Nella canzone di Caparezza il punto di vista cambia. Non è più Dante il narratore ma proprio Filippo. Filippo Argenti deride Dante, gli dice che è un debole, che non è nessuno e che lo picchierebbe molto volentieri. "Il mondo non è dei poeti, il mondo è di noi prepotenti! Vai rimando alle genti che mi getti nel fango, ma io rimango l'Argenti!" 

 In sostanza Filippo Argenti qui rivendica l'unica vera forza che sia mai esistita, quella dei muscoli, quella del forte sul debole. La forza delle parole non può far male quanto quella della violenza dei prepotenti.

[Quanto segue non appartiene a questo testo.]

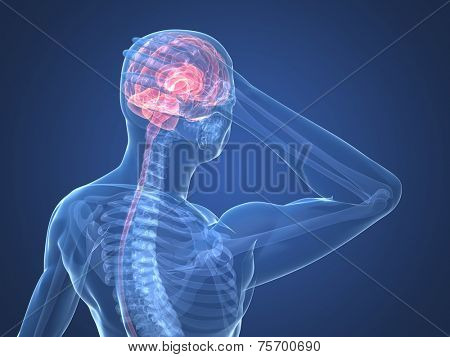 headache illustration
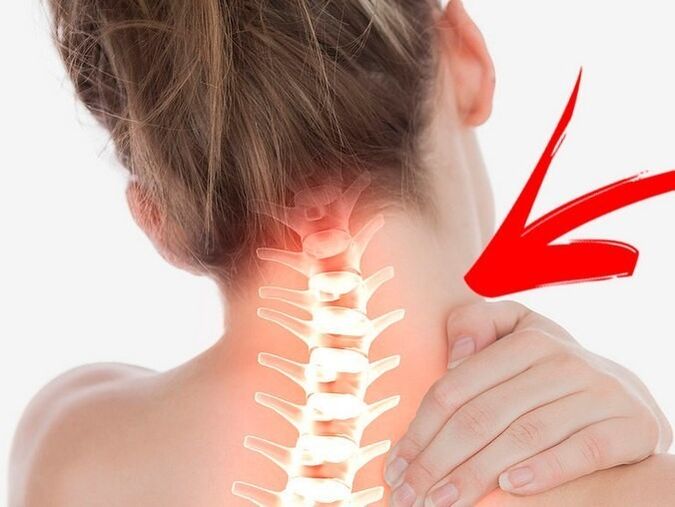 Ideggyökerek kompressziója méhnyakos osteochondrosissal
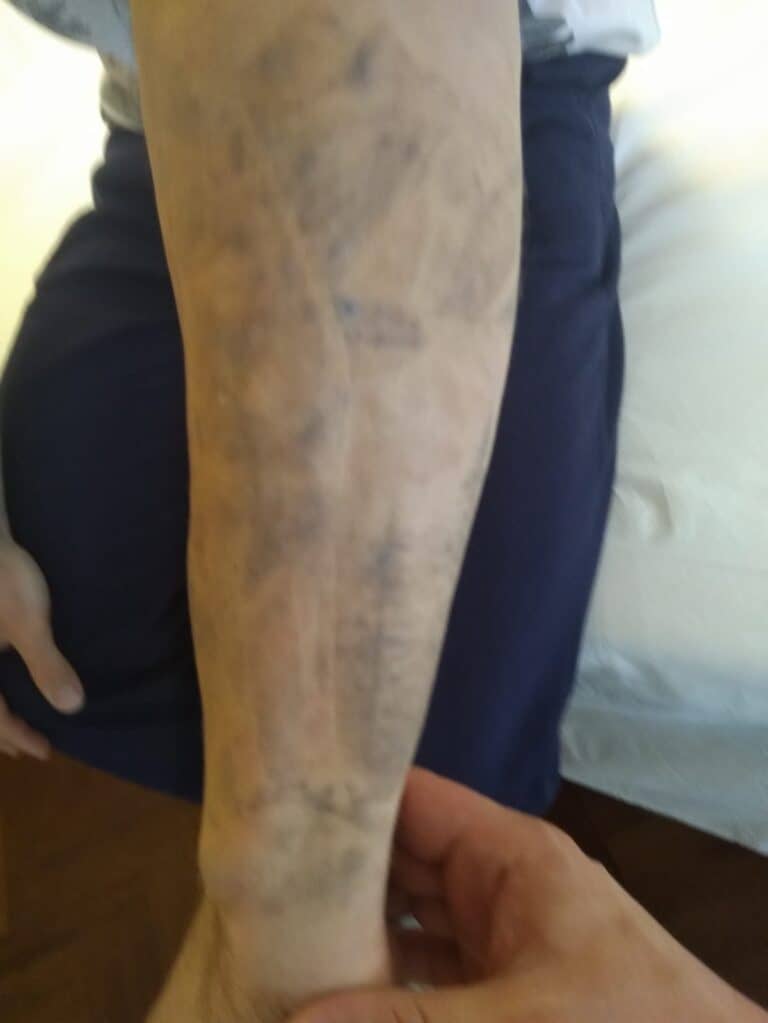 Tatuaggio sul braccio durante il trattamento laser - schiarimento progressivo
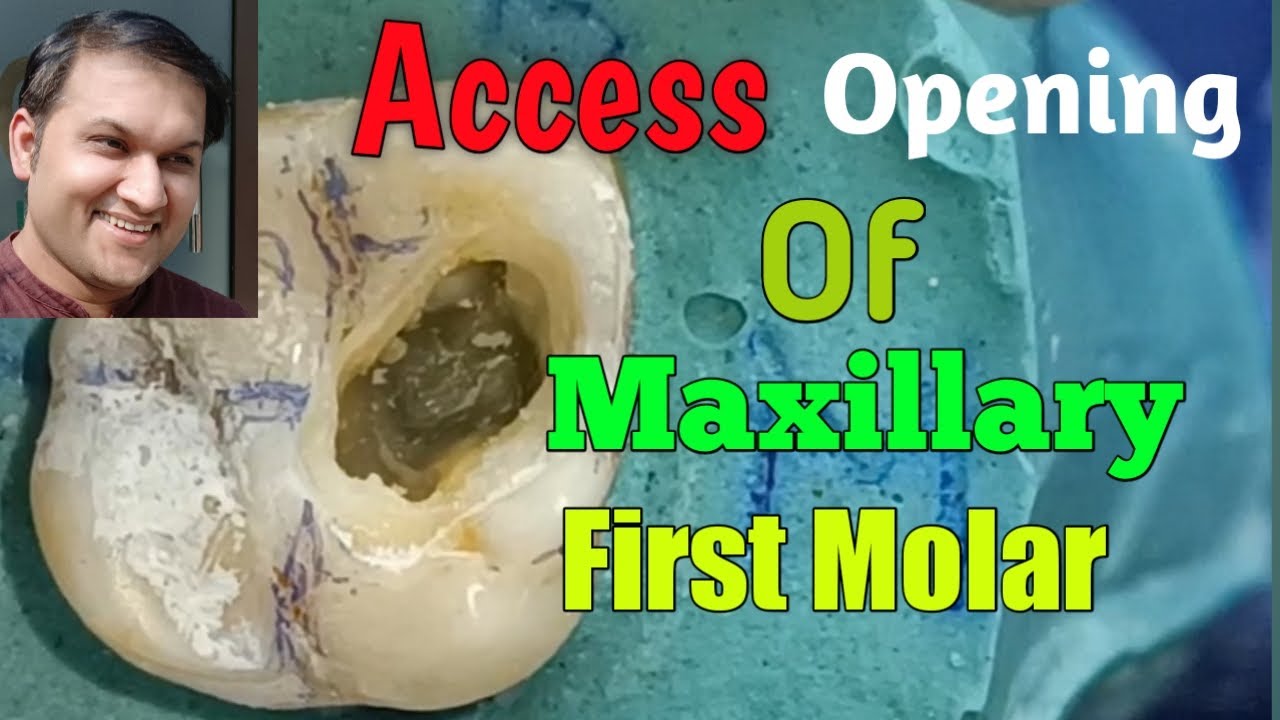 Access opening of maxillary first molar || most simple way to locate the canals || first step of RCT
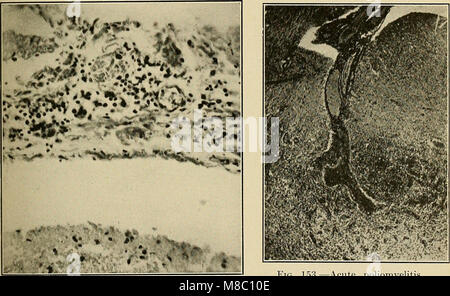 Erkrankungen des Nervensystems - ein Lehrbuch der Neurologie und Psychiatrie (1915) (14596126669) Stockfoto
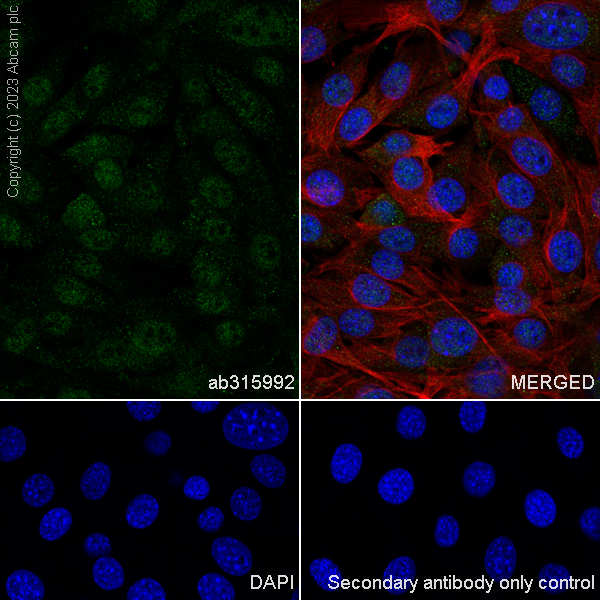 Immunocytochemistry/ Immunofluorescence - Anti-Hsp40 antibody [EPR25331-69] - BSA and Azide free (ab315993), expandable thumbnail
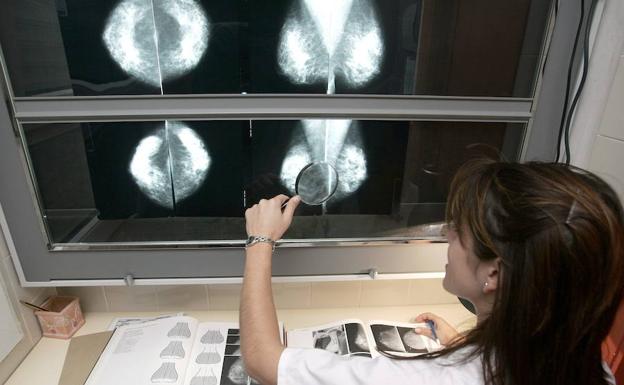 Una radióloga examina unas mamografías en la sección de Radiología del Hospital Comarcal Santiago Apóstol, en Miranda de Ebro.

Dante può rimare quanto vuole, intanto in uno scontro corpo a corpo correrebbe via dalla paura e frignando anche.

Poi arriva la frase a mio parere più importante del testo: "Argenti vive, vive, vivrà, alla gente piace la mia ferocità, persino tu che mi anneghi a furia di calci sui denti, ti chiami Dante Alighieri, ma somigli negli atteggiamenti a Filippo Argenti!"

Il senso per me è che per quanto possano essere immortali i concetti della pietà, della poesia, dell'amore e di tutti i temi trattati da giganti come Dante, lo saranno anche il male, la ferocità, la prepotenza e l'idolatria della violenza. 

Insomma, quel che è chiaro è che Dante nel poema ha avuto la vendetta che non ha avuto sulla terra. Tanto è vero che così come Filippo Argenti soleva picchiare gli altri e prendersela coi più deboli, adesso nell'inferno viene picchiato e fatto scempio del suo corpo e per di più Dante gode di questa visione. Ed è così che i posteri ricorderanno la sua persona: non come il signorotto prepotente di Firenze, ma come l'anima sofferente presa a morsi nel fango per l'eternità. Esiste vendetta più efficace di questa? Vivere per sempre in questo modo in uno dei più grandi poemi al mondo? Ma allora se Dante gode nel vedere un suo nemico soffrire, non commette anche lui un peccato? E se lo chiede anche Caparezza nella canzone. Non è in un certo senso sceso al suo livello? In realtà, Dante non può parlare la stessa lingua di Filippo, perché lui conosce solo il linguaggio della violenza, che non appartiene al poeta. Infatti Virgilio lo chiama "Alma sdegnosa", non "alma iraconda". La differenza è proprio qui: una persona che agisce secondo ira è una persona che ha accecato la sua ragione, invece quello di Dante è uno sdegno positivo, perché incanala la sua rabbia nella ragione e la usa per creare poesia e soprattutto non rimane in silenzio di fronte all’ingiustizia.

E voi? Preferite rima baciata o mazza chiodata?

Quivi il lasciammo, che più non ne narro.